- **Your assignment**
The line containing "Obrázok produktu pre" and every line after it, through the end of the records below, are to be reproduced exactly, with the pictures left out.
___ Source material
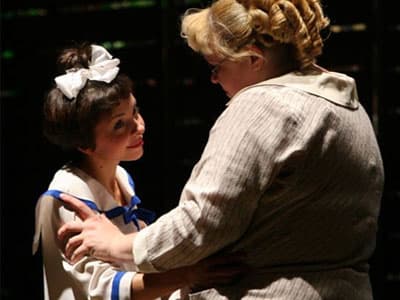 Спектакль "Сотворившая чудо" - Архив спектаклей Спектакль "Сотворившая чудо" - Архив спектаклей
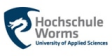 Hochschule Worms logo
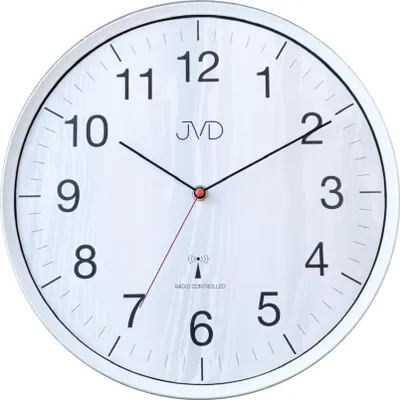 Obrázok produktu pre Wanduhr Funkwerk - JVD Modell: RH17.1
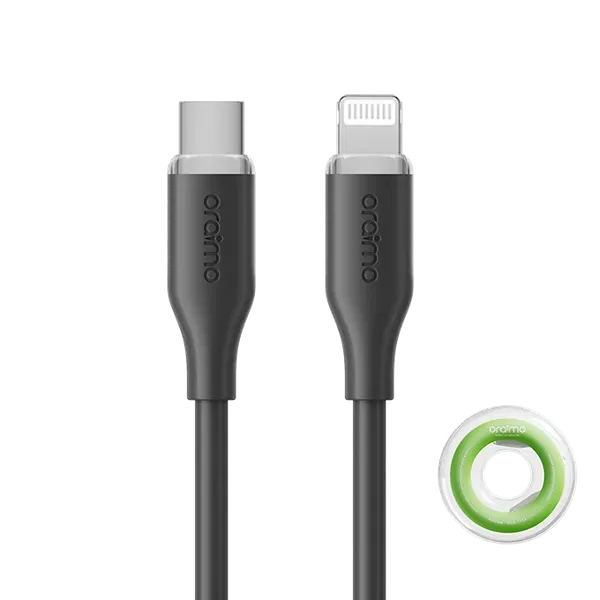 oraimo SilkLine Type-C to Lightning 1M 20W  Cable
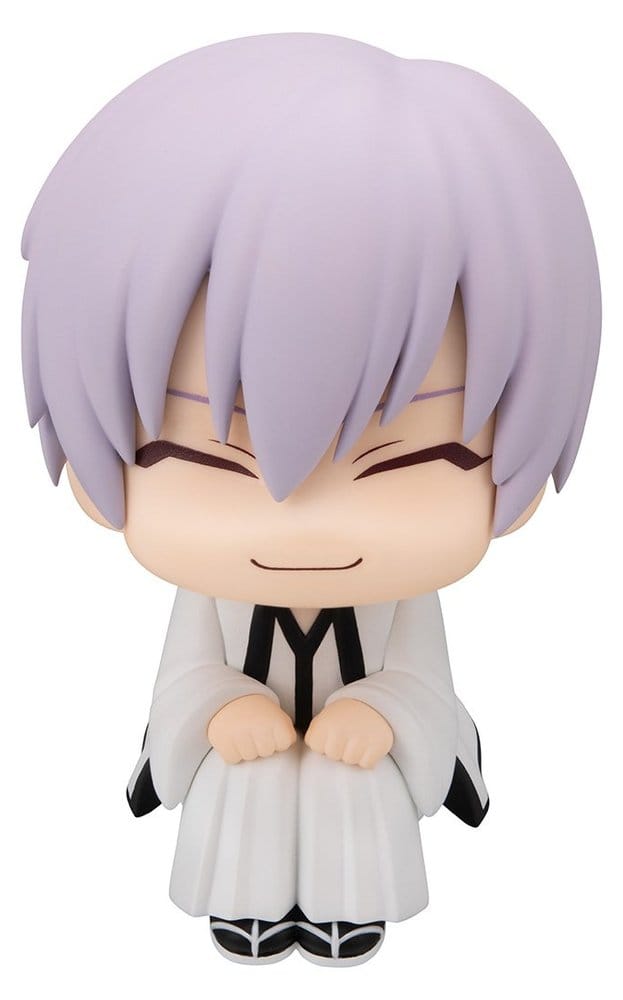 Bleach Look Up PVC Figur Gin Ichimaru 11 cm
______
- **Reply**
 Obrázok produktu pre Wanduhr Funkwerk - JVD Modell: RH17.1
 oraimo SilkLine Type-C to Lightning 1M 20W  Cable
 Bleach Look Up PVC Figur Gin Ichimaru 11 cm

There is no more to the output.